== Problem ==
Exactly as they appear below, repeat the lines from the one with "Maruchan Instant Lunch" through the one with "Read Saved the", and no others.

== Dataset excerpts ==
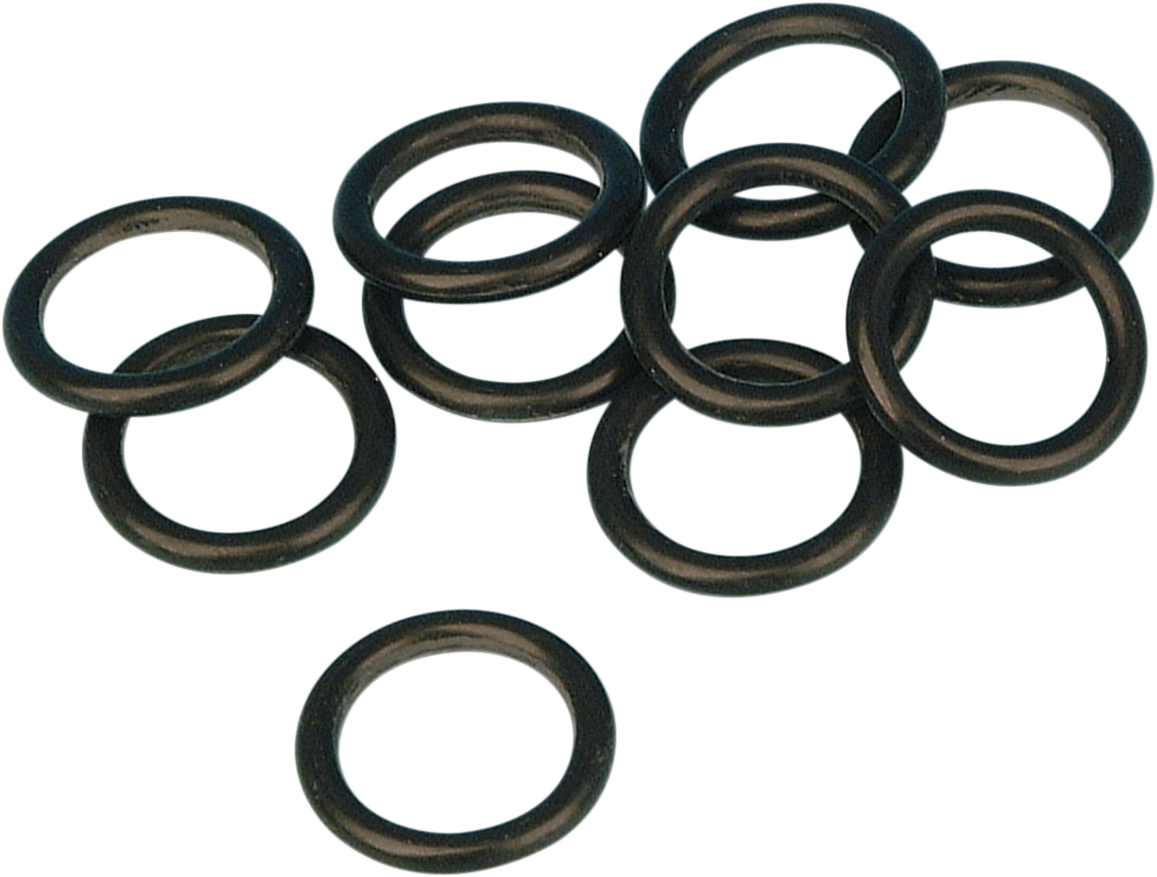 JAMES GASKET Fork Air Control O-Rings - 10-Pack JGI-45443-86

--

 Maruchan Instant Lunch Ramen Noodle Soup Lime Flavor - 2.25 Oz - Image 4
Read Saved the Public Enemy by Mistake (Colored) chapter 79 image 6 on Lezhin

== Result ==
 Maruchan Instant Lunch Ramen Noodle Soup Lime Flavor - 2.25 Oz - Image 4
Read Saved the Public Enemy by Mistake (Colored) chapter 79 image 6 on Lezhin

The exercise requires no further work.